Supplied material:

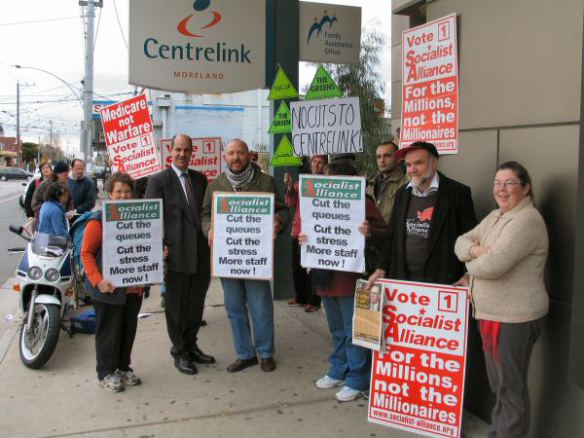 Kelvin thompson, Dabid Glanz and others outside Centrelink office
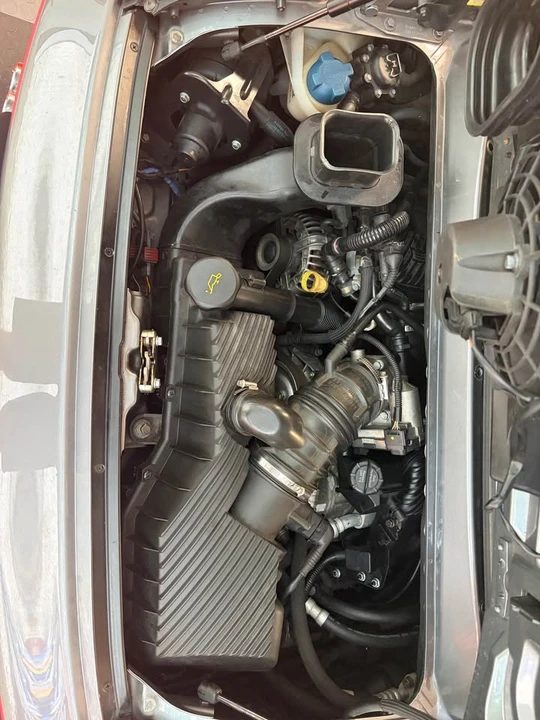 2004 Porsche 996 Carrera 4S - Image 9 of 17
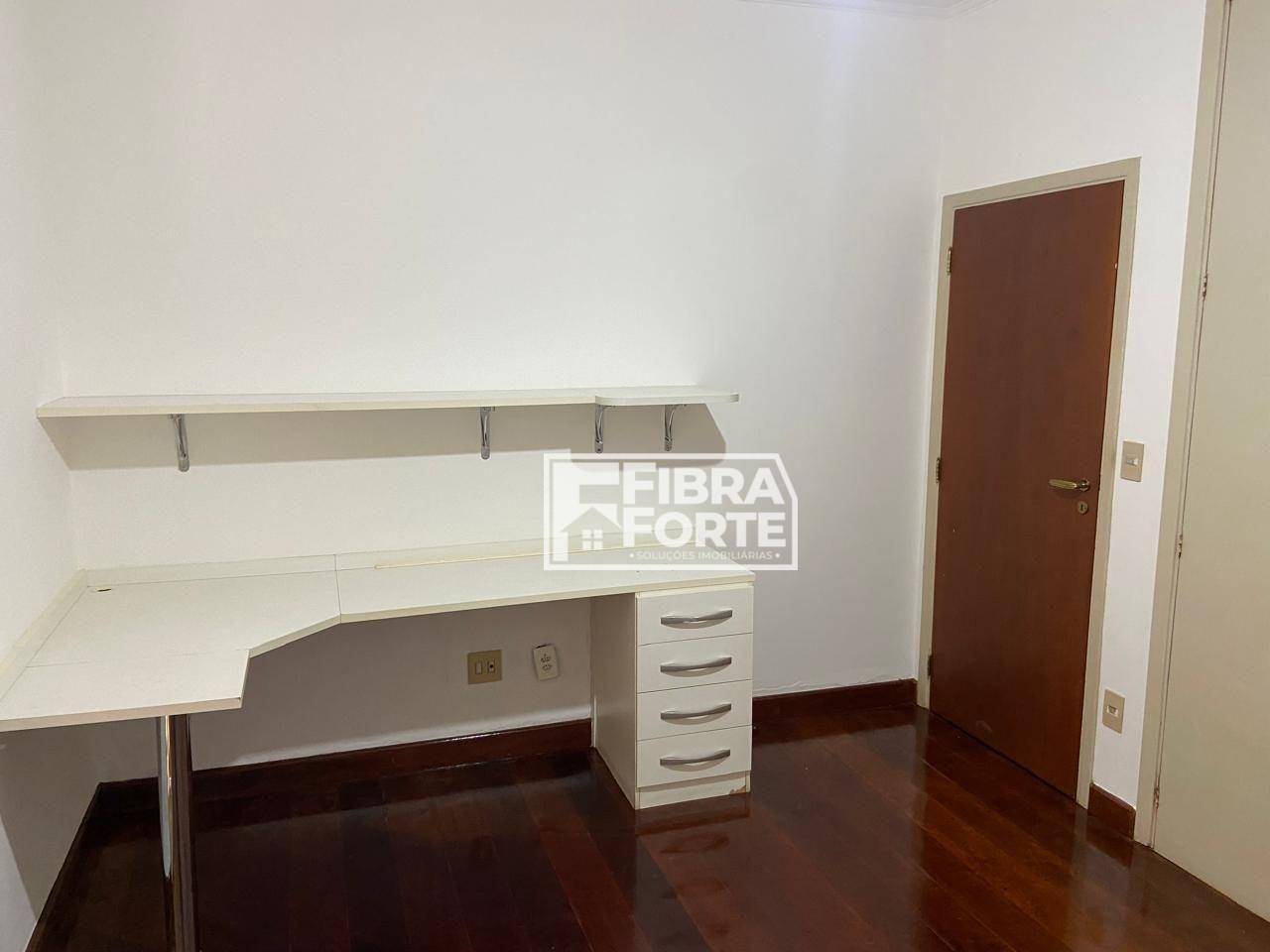 Sobrado para alugar com 3 quartos, 226m² - Foto 11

What you will do:
Your task is to retype the listing exactly, without its pictures.

Written solution:
 Kelvin thompson, Dabid Glanz and others outside Centrelink office
 2004 Porsche 996 Carrera 4S - Image 9 of 17
 Sobrado para alugar com 3 quartos, 226m² - Foto 11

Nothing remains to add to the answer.